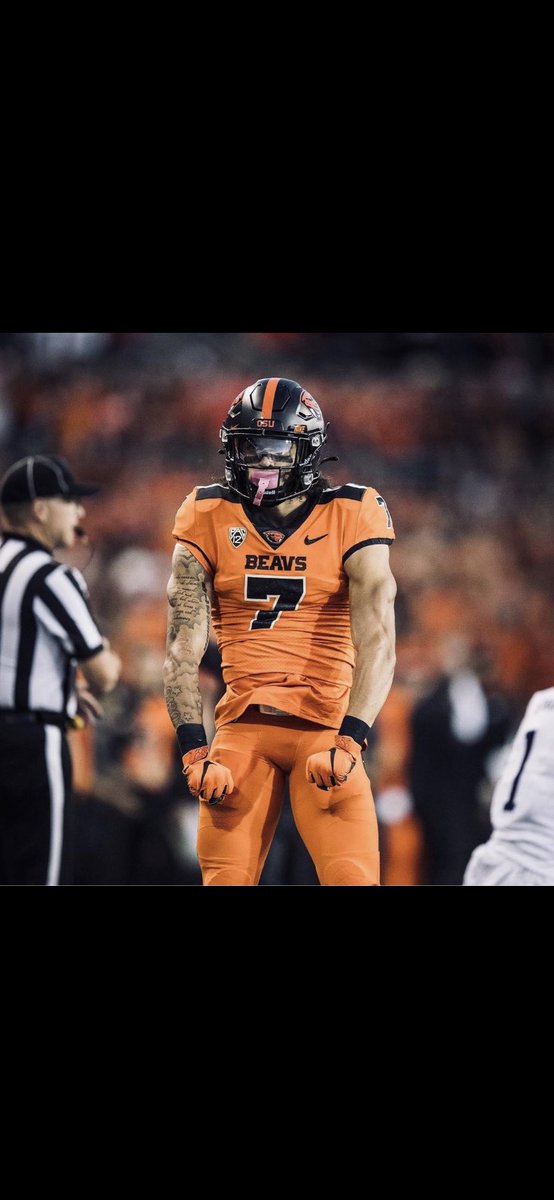 Blessed to receive an offer from Oregon state University!!#AGTG🙏🏾 @CoachAdamsOSU @AustinDArmond @RivalsDylanCC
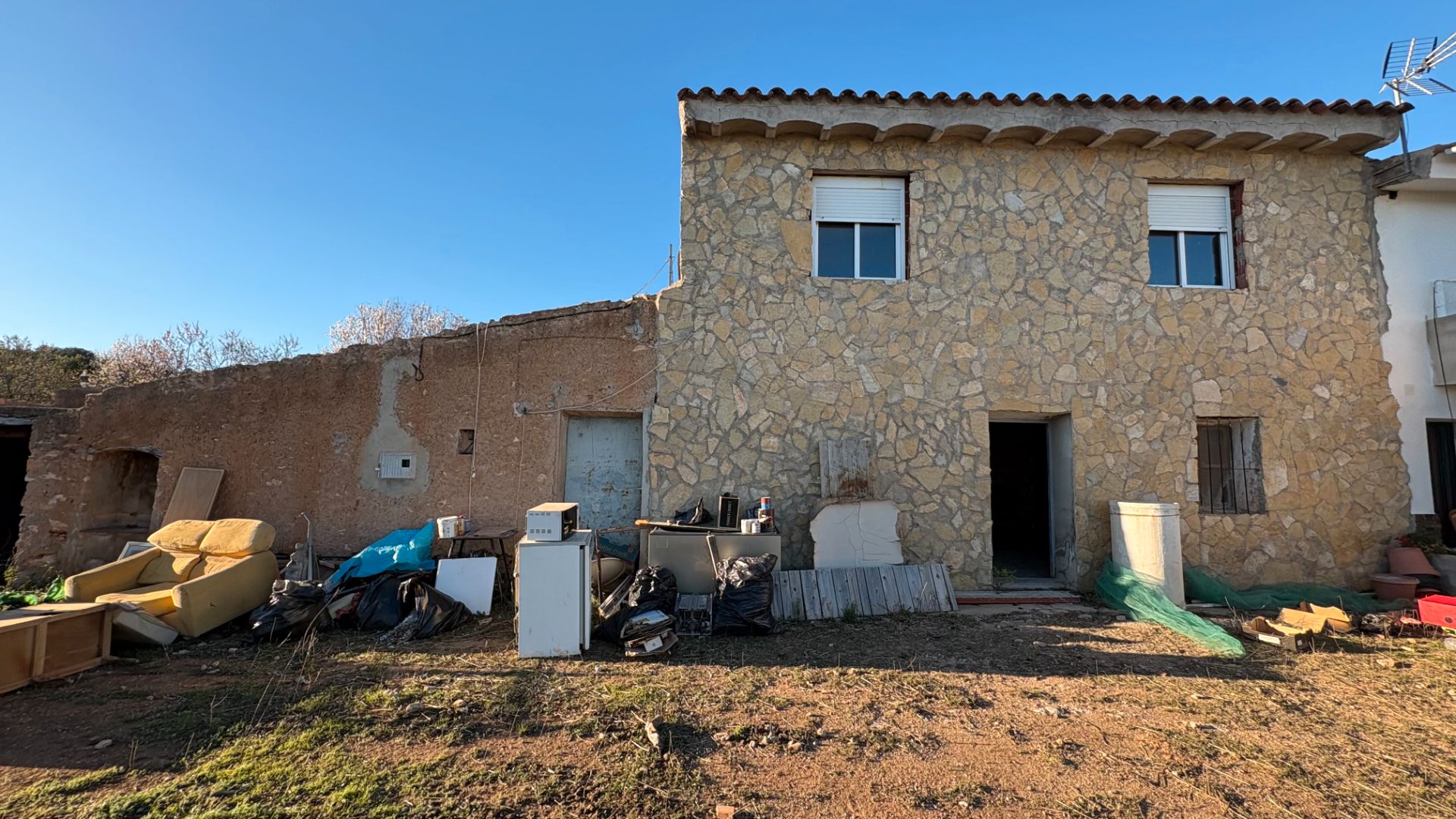 Exterior view of Country homes for sale in Vall d'Alba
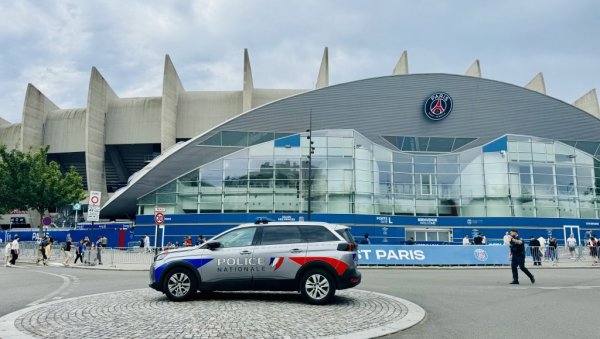 РИВАЛИ И ВАН ТЕРЕНА: Челси и ПСЖ кибицују исте фудбалере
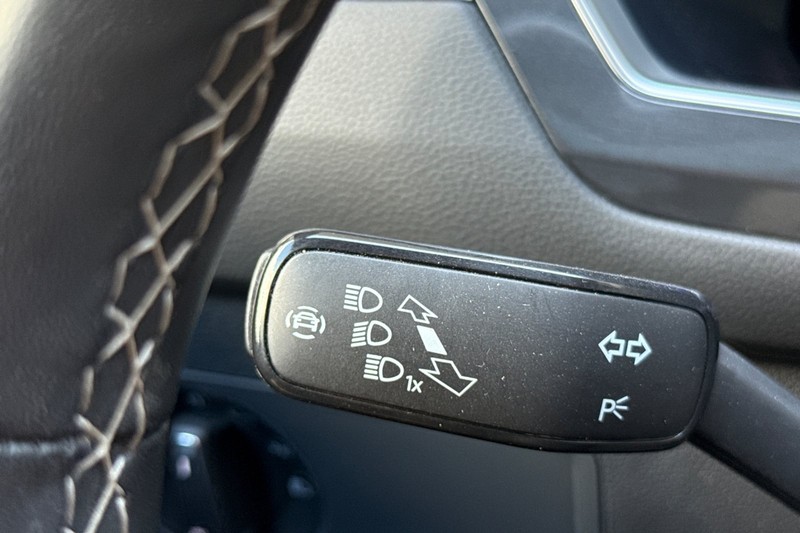 Volkswagen Tiguan Vehicle Full-screen Gallery Image 37
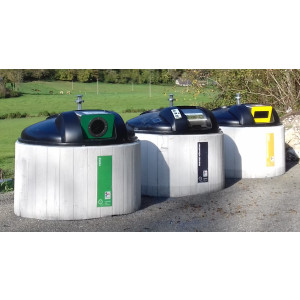 https://www.techni-contact.site/ressources/images/produits/merchandising/conteneur-semi-enterre-56272441-1.jpg - Capacité : 3 ou 5 m3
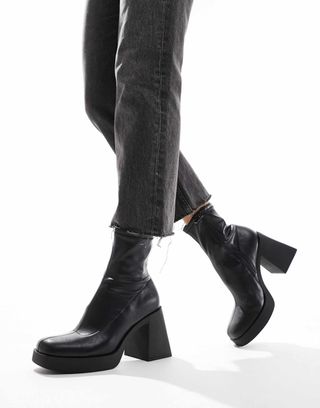 Stradivarius Platform Heel Ankle Boot in Black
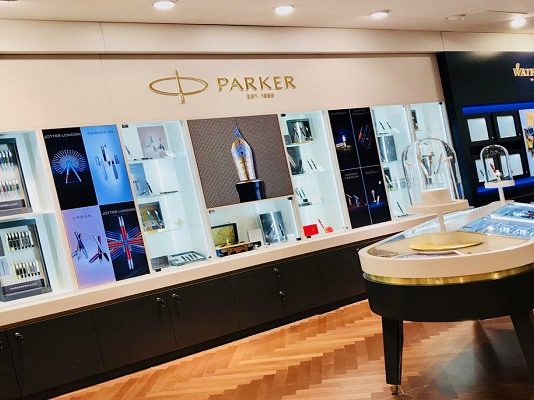 Jewellery display designer picks up small business accolade for its work with top brands
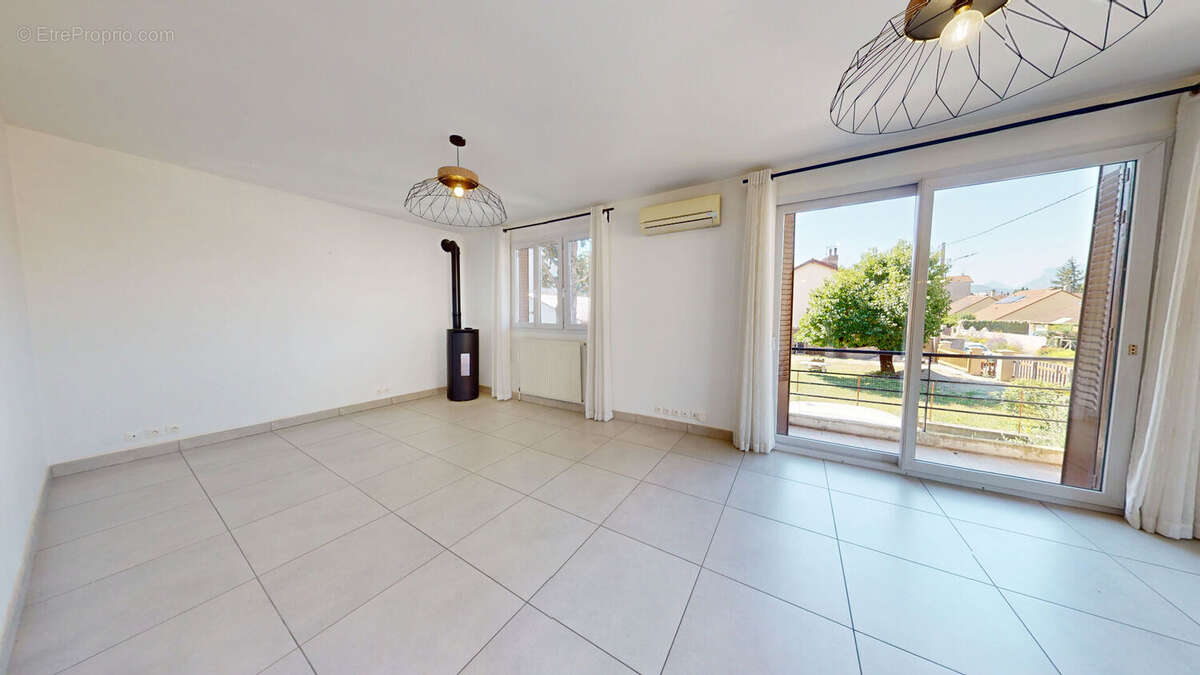 Appartement à SEYSSINET-PARISET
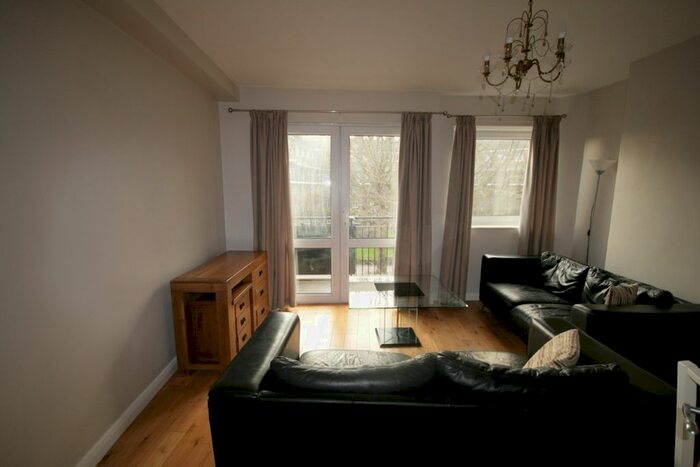 2 Bedroom Flat To Rent In Tabard Street, Borough, SE1
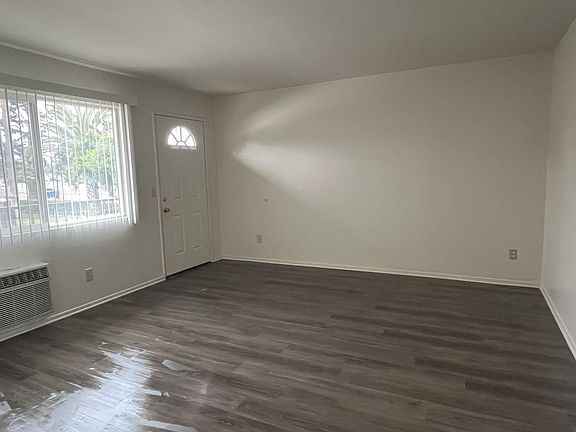 3rd image of 1198-1200 S San Antonio Ave #17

• [WHAT TO WORK ON]: Generate a word-for-word copy of the preceding records, excluding all pictures.

• [ANSWER TO THE EXERCISE]:
 Blessed to receive an offer from Oregon state University!!#AGTG🙏🏾 @CoachAdamsOSU @AustinDArmond @RivalsDylanCC
 Exterior view of Country homes for sale in Vall d'Alba
 РИВАЛИ И ВАН ТЕРЕНА: Челси и ПСЖ кибицују исте фудбалере
 Volkswagen Tiguan Vehicle Full-screen Gallery Image 37
 https://www.techni-contact.site/ressources/images/produits/merchandising/conteneur-semi-enterre-56272441-1.jpg - Capacité : 3 ou 5 m3
 Stradivarius Platform Heel Ankle Boot in Black
 Jewellery display designer picks up small business accolade for its work with top brands
 Appartement à SEYSSINET-PARISET
 2 Bedroom Flat To Rent In Tabard Street, Borough, SE1
 3rd image of 1198-1200 S San Antonio Ave #17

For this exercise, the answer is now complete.